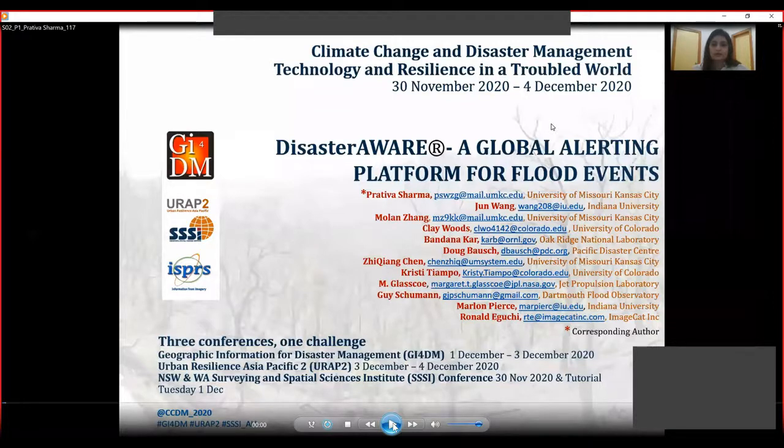I'd like to start by acknowledging the traditional owners of the land on which I work, the elders past and present. Welcome everyone to session two of GI4DM conference this year. The theme of the session is applications — short for applications of geospatial information for disaster management. My name is Khrush Khashalam and I have the pleasure of chairing this session.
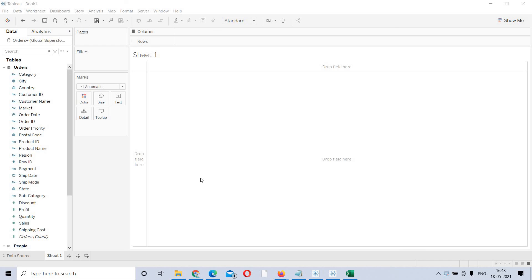Hi guys, welcome to another Tableau session. In this video, we will see how to build a basic report.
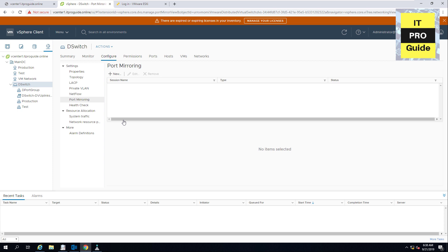But when we create a distributed switch and port group, you see a lot of settings, but we haven't gone through them. We just created with the default settings. So in this session, we're going to see how to configure those settings.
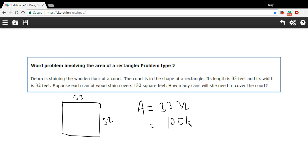And these are in feet, so it's area, so it's square feet. So she's got 1,056 square feet. A can covers 132 square feet.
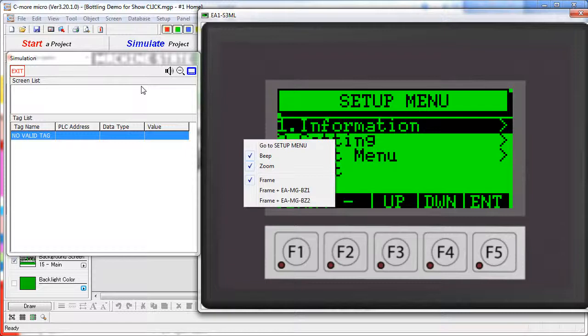The simulator does such a great job of testing the functionality of the panel, we use it in almost every one of the how-to videos in this series.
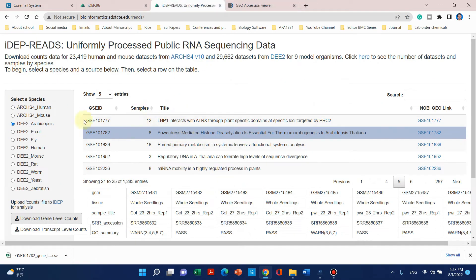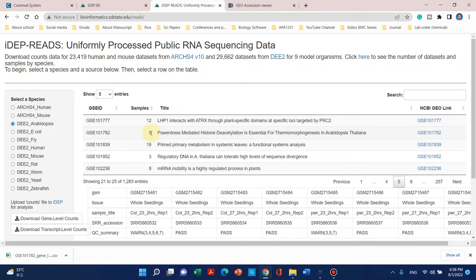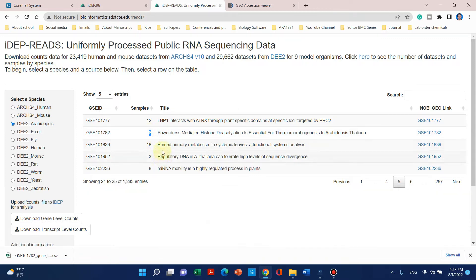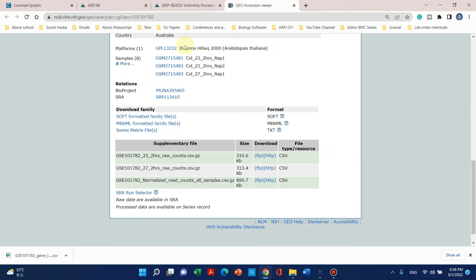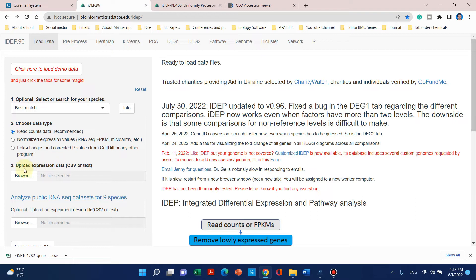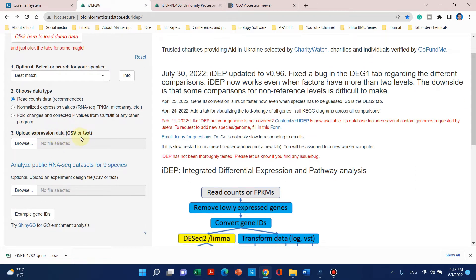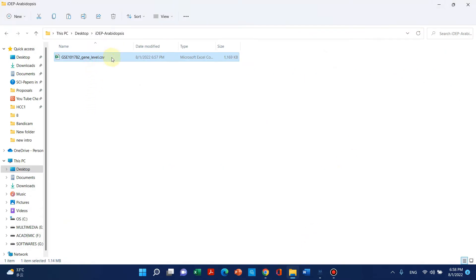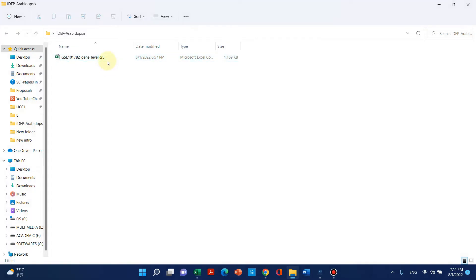When dealing with RNA-seq data where the sample number is usually more than six — here we can see there are eight samples — we need to create two things: first, the expression data in CSV format, and second, a design file also in CSV format. I will show you how to prepare both the design file and the expression file.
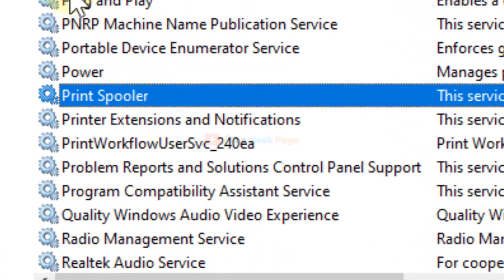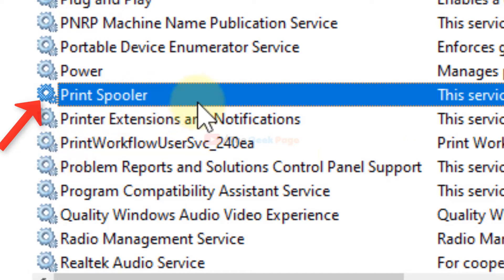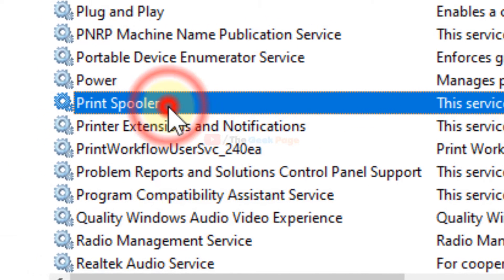Now just search print spooler service, locate it, and double click on it.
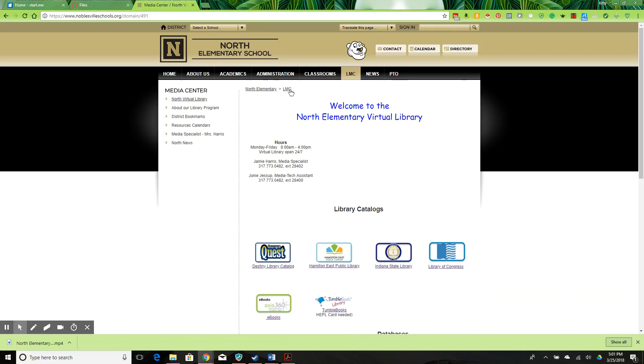Third, a section for special events and community outreach would help this site. Specific events could be planned and publicized, which is good for both the school and the community members.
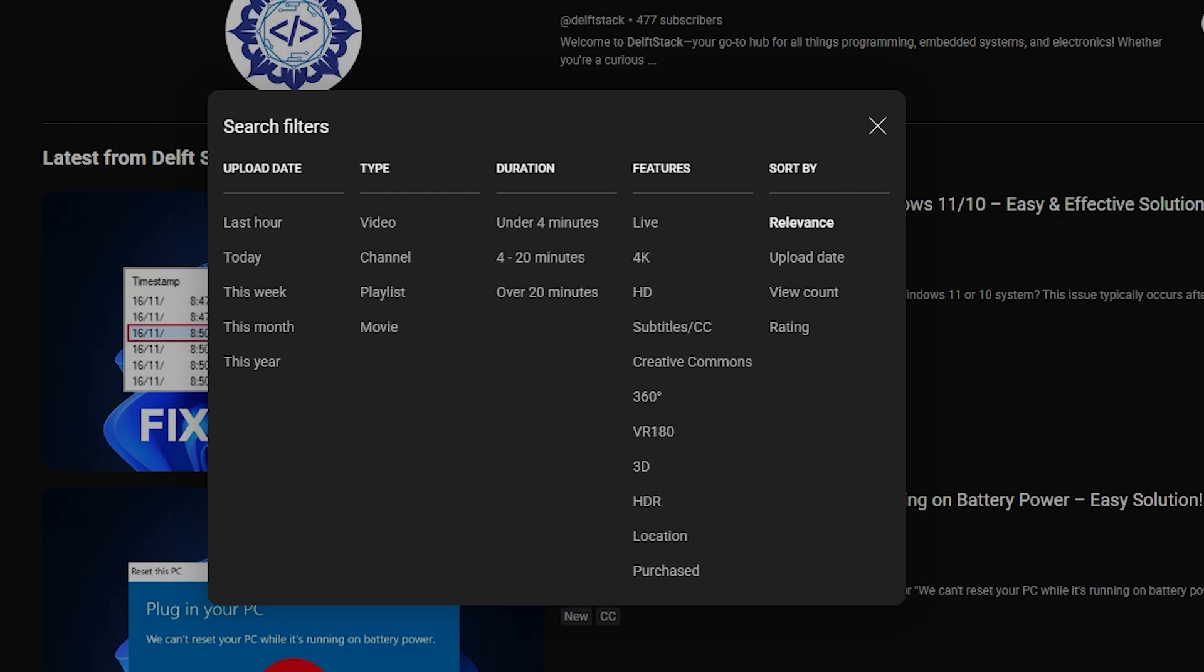For more control, under upload date, choose last hour, today, this week, this month, or this year.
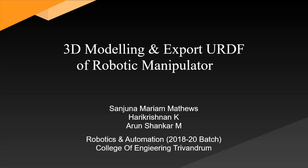Hello all, today we are taking a tutorial on 3D modeling and export URDF of a robotic manipulator. We are using Autodesk Inventor for 3D modeling and for exporting it to URDF we are using Solidworks.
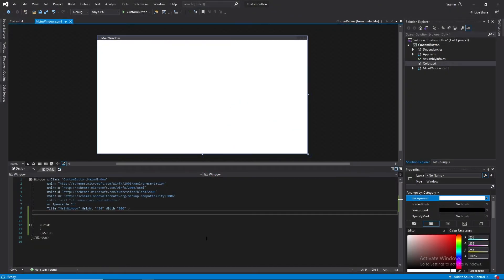Welcome to TacticApps. In today's tutorial, I'll be showing you guys how to create a custom rounded button in WPF. Now, if you may have noticed, the default button in WPF doesn't have any property that allows us to adjust the corner radius. So we are going to be achieving that in today's tutorial.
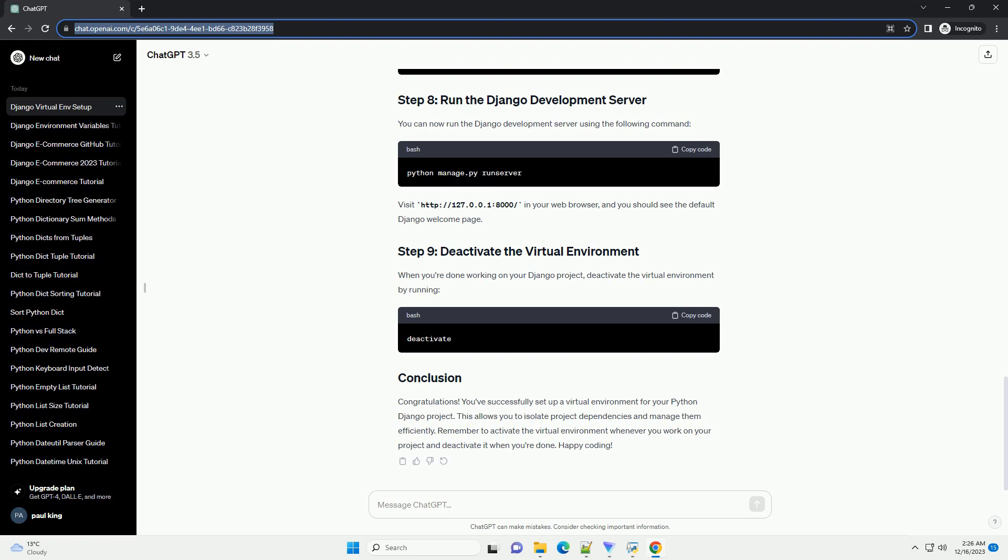ChatGPT: In this tutorial, we will guide you through the process of setting up a virtual environment for a Python Django project. A virtual environment is a self-contained directory that allows you to install and manage dependencies for a specific project without affecting the global Python environment. This is especially useful when working on multiple projects with different dependencies.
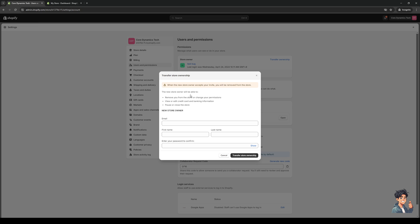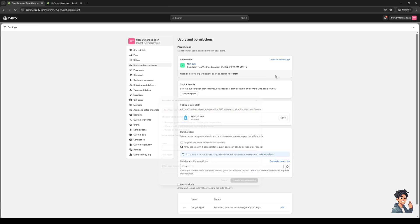What will happen is the new store owner should be able to remove you from the store or change your permissions as they're the new owner. So they have admin privileges. They also have the option to view or edit the credit card or banking information that pertains to your store, as well as having the option to pause or close the store. Once you guys are through with that and you're okay with transferring your ownership, simply click on transfer store ownership, and you guys are done.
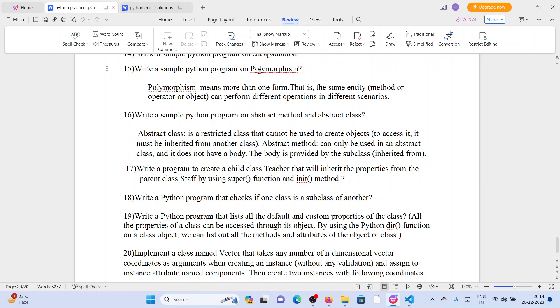Write a sample Python program on Polymorphism. Polymorphism means more than one form — same entity, same method, or operator. An object can perform different operations in different scenarios.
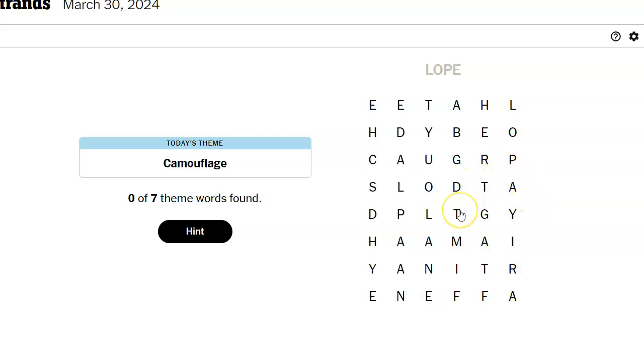P-A-T-T, I would think pattern, right? No. Leaves can camouflage things. Can we find leaves in here? I don't see a V anywhere.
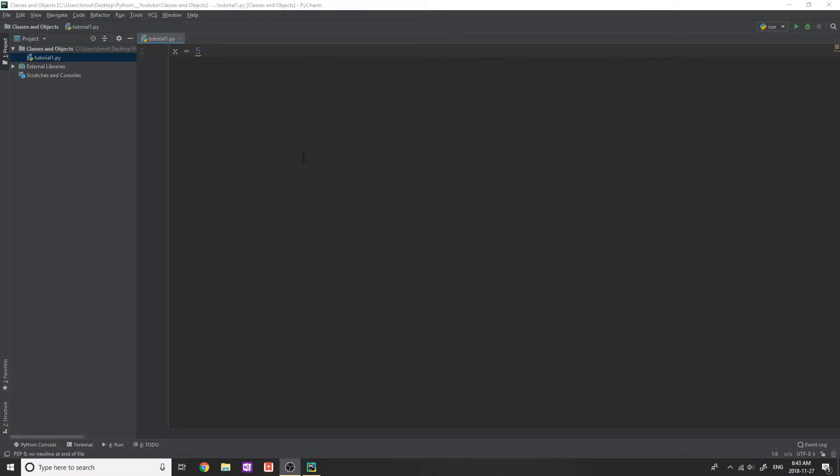Hey guys, and welcome back to another YouTube video. So in this video, I'm actually starting a new series on classes and objects in Python. I'm going to start off fairly simple and just explain what is a class, what is an object, and how can we create our own.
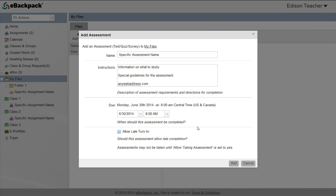Then, set your due date and time that the assessment should be completed. And finally, determine whether you want to allow late turn-in. If this is more of a homework assessment, you may want to allow late turn-in. If this is an in-class quiz, you might want to disable the late turn-in. After making all necessary adjustments to this screen, click the Add in the lower right.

• [DIRECTIONS]
Except for the pictures, set down each line of the records exactly as it appears.

• [ANSWER]
I'd like to start by acknowledging the traditional owners of the land on which I work, the elders past and present. Welcome everyone to session two of GI4DM conference this year. The theme of the session is applications — short for applications of geospatial information for disaster management. My name is Khrush Khashalam and I have the pleasure of chairing this session.
Hi guys, welcome to another Tableau session. In this video, we will see how to build a basic report.
But when we create a distributed switch and port group, you see a lot of settings, but we haven't gone through them. We just created with the default settings. So in this session, we're going to see how to configure those settings.
And these are in feet, so it's area, so it's square feet. So she's got 1,056 square feet. A can covers 132 square feet.
The simulator does such a great job of testing the functionality of the panel, we use it in almost every one of the how-to videos in this series.
When dealing with RNA-seq data where the sample number is usually more than six — here we can see there are eight samples — we need to create two things: first, the expression data in CSV format, and second, a design file also in CSV format. I will show you how to prepare both the design file and the expression file.
Now just search print spooler service, locate it, and double click on it.
Third, a section for special events and community outreach would help this site. Specific events could be planned and publicized, which is good for both the school and the community members.
For more control, under upload date, choose last hour, today, this week, this month, or this year.
Hello all, today we are taking a tutorial on 3D modeling and export URDF of a robotic manipulator. We are using Autodesk Inventor for 3D modeling and for exporting it to URDF we are using Solidworks.
Welcome to TacticApps. In today's tutorial, I'll be showing you guys how to create a custom rounded button in WPF. Now, if you may have noticed, the default button in WPF doesn't have any property that allows us to adjust the corner radius. So we are going to be achieving that in today's tutorial.
ChatGPT: In this tutorial, we will guide you through the process of setting up a virtual environment for a Python Django project. A virtual environment is a self-contained directory that allows you to install and manage dependencies for a specific project without affecting the global Python environment. This is especially useful when working on multiple projects with different dependencies.
What will happen is the new store owner should be able to remove you from the store or change your permissions as they're the new owner. So they have admin privileges. They also have the option to view or edit the credit card or banking information that pertains to your store, as well as having the option to pause or close the store. Once you guys are through with that and you're okay with transferring your ownership, simply click on transfer store ownership, and you guys are done.
Write a sample Python program on Polymorphism. Polymorphism means more than one form — same entity, same method, or operator. An object can perform different operations in different scenarios.
P-A-T-T, I would think pattern, right? No. Leaves can camouflage things. Can we find leaves in here? I don't see a V anywhere.
Hey guys, and welcome back to another YouTube video. So in this video, I'm actually starting a new series on classes and objects in Python. I'm going to start off fairly simple and just explain what is a class, what is an object, and how can we create our own.
Then, set your due date and time that the assessment should be completed. And finally, determine whether you want to allow late turn-in. If this is more of a homework assessment, you may want to allow late turn-in. If this is an in-class quiz, you might want to disable the late turn-in. After making all necessary adjustments to this screen, click the Add in the lower right.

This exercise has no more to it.